Los días felices de la guerra

Los días felices de la guerra

PATRICIA SOLANO
La voz de Fidelio Despradel al otro lado del teléfono sonaba excitada: «Han aparecido unas fotos inéditas de la guerra, totalmente desconocidas hasta el momento, y entre ellas me he encontrado a Piky con unos rolos y un fusil… ¡tú tienes que ver esto!» Corrí a buscar este tesoro oculto durante 40 años: mi madre. Abril me la trae de nuevo en una imagen típica de aquellos días.

Ahí está con veinticuatro años… ¡veinticuatro!… delgadita, con sus pantalones tubito, los pies sobre la silla, un fusil enorme para el que sus pequeñas manos eran diestras, y en la cabeza, las ideas y los sueños entre unos rolos, preámbulo de la coquetería.

¡Cuántas cosas le he preguntado a esta fotografía en este abril de otro siglo! Para dónde ibas tú ese día, mujer, que te querías rizar el pelo; y qué dirías al ver retrospectivamente esta escena de tus días más felices.

Y me consta que lo eran; solo había que oir sus relatos de la guerra.

Ella perteneció a la generación del sacrificio, la que nació y creció en dictadura, la que estalló en el 65 ante el derrocamiento del primer ensayo democrático después de Trujillo y a la que le tocó ver frustrada la victoria con una odiosa intervención militar norteamericana. Resistieron con honor, y dada la desigualdad de fuerzas, perdieron.

Después vino otro tiempo, el del «Viento Frío», de donde vengo yo. Los años de la derrota, cuando éramos hijos e hijas de gente con derecho a muy poca cosa, cuando a ella le gritaban «¡comunista!» como si la Constitución se lo prohibiera —léete el artículo 8, me decía—, y tenía todo el mundo que estarse tranquilo pues esto era la paz, un tiempo de petróleo barato y de zafra azucarera, en el que se construían multifamiliares y una doña emprendía la Cruzada del Amor.
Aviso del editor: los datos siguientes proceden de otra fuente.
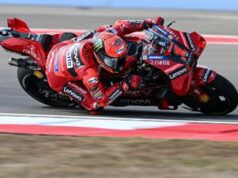 MotoGp Qatar, Di Giannantonio vince e Bagnaia secondo: ipoteca su Mondiale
En casa sabíamos que esa paz era mentira: ¿por qué vendría tantas veces la guardia a allanarnos, entonces? ¿Por qué apresaban a los amigos de mi madre? Sabíamos que ella jamás volvería a ser tan feliz como aquellos días de la guerra, por la romántica evocación con que hacía sus relatos sobre los compañeros de entones, las noches en el comando, el peligro compartido, un improvisado lugar donde dormir, un café, el dolor de enterrar a un combatiente, en fin, la mística de la solidaridad en la lucha.

Sus hijas, que no habíamos vivido aquello, la escuchábamos contar. Entonces cada abril le acompañábamos a honrar ese pasado glorioso con el homenaje de los caídos y la reafirmación de las ideas que provocaron la gesta. Y cantábamos himnos, y llevábamos flores, e íbamos con ella a los lugares símbólicos, y el día 28 poníamos un lazo negro en la puerta de la casa como señal de luto y de protesta por la ofensa tan grande cometida contra el suelo patrio.
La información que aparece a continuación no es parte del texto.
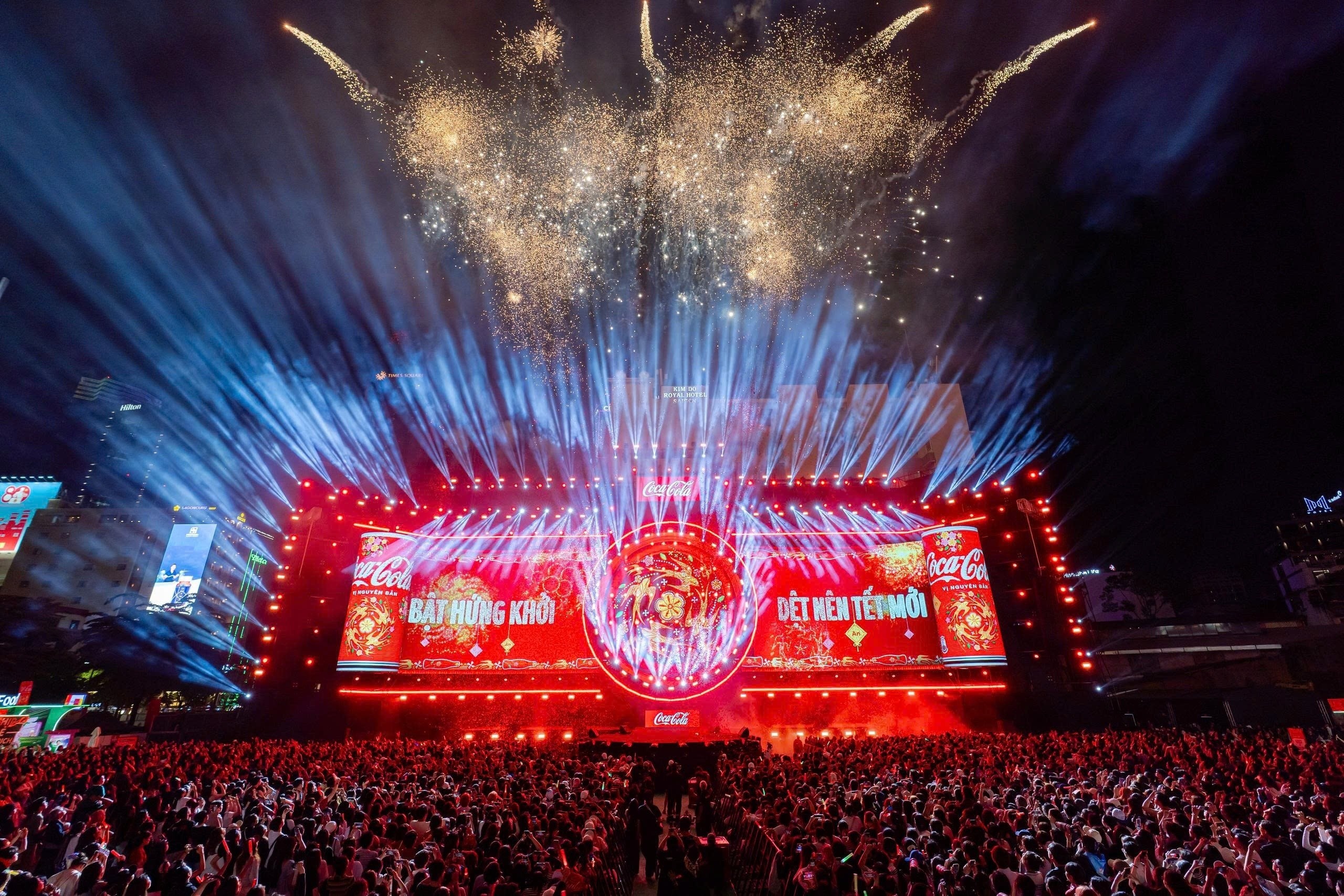 Khi gioi tre bien Tet thanh dai tiec cua niem vui va sang tao hinh anh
Pasaron muchos abriles y quisimos saber más cosas. ¿Dónde estaban los otros? ¿Hacían ellos también actos? ¡Llevaban flores, tenían cantos? ¿Dónde, que nunca veíamos nada? No habían, dijo mi madre. «Probablemente no tengan nada de qué enorgullecerse».

Entonces comprendimos. Hay derrotas relativas; la victoria moral es más grande y más fuerte que las balas y los bombardeos.

¡Cuánto ha costado, sin embargo! Hoy me es difícil decírselo a la hija de Juan Miguel o al hijo de Rafael Tomás, porque son padres que no regresaron pero a la vez son héroes de la patria y gracias a su ejemplo jamás nadie ha osado dar otro golpe de Estado.

Seguimos poniendo el lazo negro, para que no se olvide, pero el viento frío pasó. Hoy transitamos por calles que llevan sus nombres, seguimos encontrándonos en los actos, con nuestros cantos y flores; seguimos sin noticias del bando contrario y la ciudad es nuestra, como dijo René. La historia ha reconocido la dignidad.

A mi madre la sigo extrañando, pero esta foto que me regaló Fidelio me la trae de nuevo, fabulosa, descalza en el comando con sus pantalones tubito, sus rolos en la cabeza y en las manos el fusil. Es ella, no hay dudas; genio y figura.